• _YOUR GOAL_
The reply should consist of the full listing, repeated word for word.

═════ RECORDED INFORMATION ═════

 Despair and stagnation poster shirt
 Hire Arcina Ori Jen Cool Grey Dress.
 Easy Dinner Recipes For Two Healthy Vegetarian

═════

• _RESPONSE TO THE TASK_
 Despair and stagnation poster shirt
 Hire Arcina Ori Jen Cool Grey Dress.
 Easy Dinner Recipes For Two Healthy Vegetarian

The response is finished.